Mais les demandeurs ne cumulent pas deux actions dirigées contre une même personne sur des fondements différents : ils cumulent une action fondée sur la responsabilité du fait des produits défectueux à l'encontre du producteur (Blomberg Werke, dont ils ont définitivement obtenu la condamnation) et de l'importateur qui ne leur a pas dénoncé le producteur (Brandt Appliances, ce en quoi ils viennent d'être jugés irrecevables), et une action en garantie du vice caché dirigée contre l'assureur de Sorenti le vendeur du lave-linge.

De plus, le vice caché est distinct du défaut de sécurité.

Et dans son arrêt du 13 juin 2019, la Cour de cassation a dit en la présente instance au visa de l'article 1641 du Code civil et du principe selon lequel chacun des coresponsables d'un même dommage doit être condamné à le réparer en totalité, que Mme K., M. C. et la société Suravenir avaient intérêt à agir contre chacun des coresponsables du dommage et qu'ils étaient en droit de voir rechercher si la société Sorenti en sa qualité de vendeur n'avait pas engagé sa responsabilité sur le fondement de la grantie des vices cachés en application de l'article 1641 du Code civil, et si son assureur, la société Groupama Sud -devenue Crama Méditerranée- ne devait pas sa garantie à ce titre.

Il sera ajouté que la condamnation d'un responsable d'un dommage à le réparer ne prive pas la victime d'intérêt à agir contre les autres responsables du même dommage, tant qu'elle n'a pas reçu effectivement réparation (cf. Cass. Civ. 1re 20.06.2000 P n° 97-22660), or les appelants indiquent sans être contredits ou réfutés n'avoir pu recevoir aucune réparation de la société de droit allemand Blomberg Werke dont ils ont obtenu la condamnation, indiquant n'avoir pu exécuter la décision à son encontre car elle s'est avérée une véritable " coquille vide "

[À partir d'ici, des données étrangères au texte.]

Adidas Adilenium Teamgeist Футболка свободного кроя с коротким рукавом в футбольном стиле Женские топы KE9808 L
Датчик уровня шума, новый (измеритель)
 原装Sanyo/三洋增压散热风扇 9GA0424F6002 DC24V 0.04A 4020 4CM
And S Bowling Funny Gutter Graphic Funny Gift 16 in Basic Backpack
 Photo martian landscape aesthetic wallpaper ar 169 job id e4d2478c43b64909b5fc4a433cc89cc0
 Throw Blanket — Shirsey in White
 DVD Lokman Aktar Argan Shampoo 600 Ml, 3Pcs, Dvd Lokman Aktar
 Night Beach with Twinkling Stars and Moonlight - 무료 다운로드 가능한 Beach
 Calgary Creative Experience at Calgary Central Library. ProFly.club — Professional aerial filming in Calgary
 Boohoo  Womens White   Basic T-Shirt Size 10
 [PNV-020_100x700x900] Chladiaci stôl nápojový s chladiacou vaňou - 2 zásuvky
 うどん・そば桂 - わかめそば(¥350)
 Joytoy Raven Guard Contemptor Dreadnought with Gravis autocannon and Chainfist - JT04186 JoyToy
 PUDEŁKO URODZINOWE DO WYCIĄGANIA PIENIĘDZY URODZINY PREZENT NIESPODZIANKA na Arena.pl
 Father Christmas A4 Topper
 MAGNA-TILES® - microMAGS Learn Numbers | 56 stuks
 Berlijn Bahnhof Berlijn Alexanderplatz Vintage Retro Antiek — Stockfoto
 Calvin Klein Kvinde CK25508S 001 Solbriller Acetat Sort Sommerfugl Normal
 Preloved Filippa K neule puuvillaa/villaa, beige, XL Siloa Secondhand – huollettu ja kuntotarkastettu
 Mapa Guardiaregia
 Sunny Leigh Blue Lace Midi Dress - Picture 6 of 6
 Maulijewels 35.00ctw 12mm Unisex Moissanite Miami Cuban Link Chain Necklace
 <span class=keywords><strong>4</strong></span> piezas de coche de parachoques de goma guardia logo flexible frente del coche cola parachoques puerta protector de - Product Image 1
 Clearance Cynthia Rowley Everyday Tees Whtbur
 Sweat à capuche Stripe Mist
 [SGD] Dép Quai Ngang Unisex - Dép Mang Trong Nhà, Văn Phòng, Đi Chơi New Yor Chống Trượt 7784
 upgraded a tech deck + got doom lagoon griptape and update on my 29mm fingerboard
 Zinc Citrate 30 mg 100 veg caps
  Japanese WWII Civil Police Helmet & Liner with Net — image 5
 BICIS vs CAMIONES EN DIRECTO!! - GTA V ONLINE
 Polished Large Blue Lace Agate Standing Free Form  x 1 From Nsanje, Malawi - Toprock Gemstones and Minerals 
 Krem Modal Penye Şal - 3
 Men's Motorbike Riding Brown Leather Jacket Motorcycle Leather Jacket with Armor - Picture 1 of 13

Sur le bien ou mal fondé de cette action

Il n'est pas discuté, et établi en tant que de besoin par la facture d'achat (leur pièce n° 5) que les consorts K.-C. avaient acheté le lave-linge le 16 septembre 2004 à la société Sorenti.

Aux termes de l'article 1641 du Code civil, le vendeur est tenu de la garantie à raison des défauts cachés de la chose vendue qui la rendent impropre à l'usage auquel on la destine, ou qui diminuent tellement cet usage que l'acheteur ne l'aurait pas acquise, ou n'en aurait donné qu'un moindre prix, s'il les avait connus.

Après avoir formellement exclu que la chaudière initialement suspectée soit impliquée dans l'incendie, les experts judiciaires Rémy M. et Xavier G. ont conclu dans le rapport déposé le 28 mai 2009 - qui est opposable à la société Sorenti, partie aux opérations - que l'ensemble des indices désigne le lave-linge " Brandt " en fonctionnement comme étant à l'origine de la mise à feu du cellier.

M. M. indique (cf. page 10) que cet engin acheté en septembre 2004 n'était pas en fin de vie, et conclut : " il est manifeste que les désordres sont dus à la défaillance de cet appareil ".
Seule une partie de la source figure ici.